Eine Vertragsverletzung, so sein ehemaliger Arbeitgeber. Keineswegs, widersprach Fährmanns Anwalt, der Spieler habe aufgrund der Verletzung ja sowieso nicht spielen können.

Wann eine Vertragsverletzung vorliegt, ist bei den weitläufigen Pflichten der Spieler und der zwangsläufigen Unbestimmtheit der Profiverträge jedoch gar nicht so einfach festzustellen. Die Vereinigung der Vertragsspieler (VdV), die hinter Fährmann steht, möchte den Einfluss der Vereine auf ihre Angestellten auf ein Normalmaß beschränken. In den Verträgen stünden stets Klauseln, wonach ein Spieler alles zu tun habe, »seine Leistungsfähigkeit zu erhalten und sie zu steigern und alles zu unterlassen, was dem entgegensteht«. Ein Spieler, so die VdV, sei »dadurch 365 Tage im Jahr und 24 Stunden rund um die Uhr potenziell sanktionierbar«.

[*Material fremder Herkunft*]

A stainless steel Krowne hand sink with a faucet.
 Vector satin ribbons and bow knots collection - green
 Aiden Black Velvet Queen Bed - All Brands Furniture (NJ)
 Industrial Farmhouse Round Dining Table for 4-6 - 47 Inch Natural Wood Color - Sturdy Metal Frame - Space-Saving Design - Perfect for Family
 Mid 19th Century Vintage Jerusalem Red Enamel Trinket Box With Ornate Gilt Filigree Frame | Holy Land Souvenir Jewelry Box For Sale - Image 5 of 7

Die VdV möchte die Vertragsstrafen auf Training und Spiel beschränkt wissen, und nicht mehr in das Privatleben der Spieler hineinreichend. Mit der Causa Christian Fährmann soll hierfür ein Präzedenzfall geschaffen werden, gleich dem von Marc Bosman, der Anfang der Neunziger mit Hilfe des Europäischen Gerichtshofs das damals bestehende System von Ablösesummen kippte.

Ob aus Christian Fährmann ein zweiter Bosman wird, kann sich erst am Ende des Instanzenwegs zeigen, dessen nächste Etappe vor dem Landesarbeitsgericht wohl erst in einem Jahr stattfinden wird. In erster Instanz wollte das Arbeitsgericht die bisherige Praxis noch nicht kippen, hielt jedoch im konkreten Fall zumindest das Strafmaß von 3 000 Euro für zu hoch.

Mit Bosman gemein hat Fährmann jedoch bereits jetzt, dass die juristischen Schlagzeilen seine fußballerischen weit übertreffen. Er spielt mittlerweile beim Halleschen FC in der Amateur-Oberliga.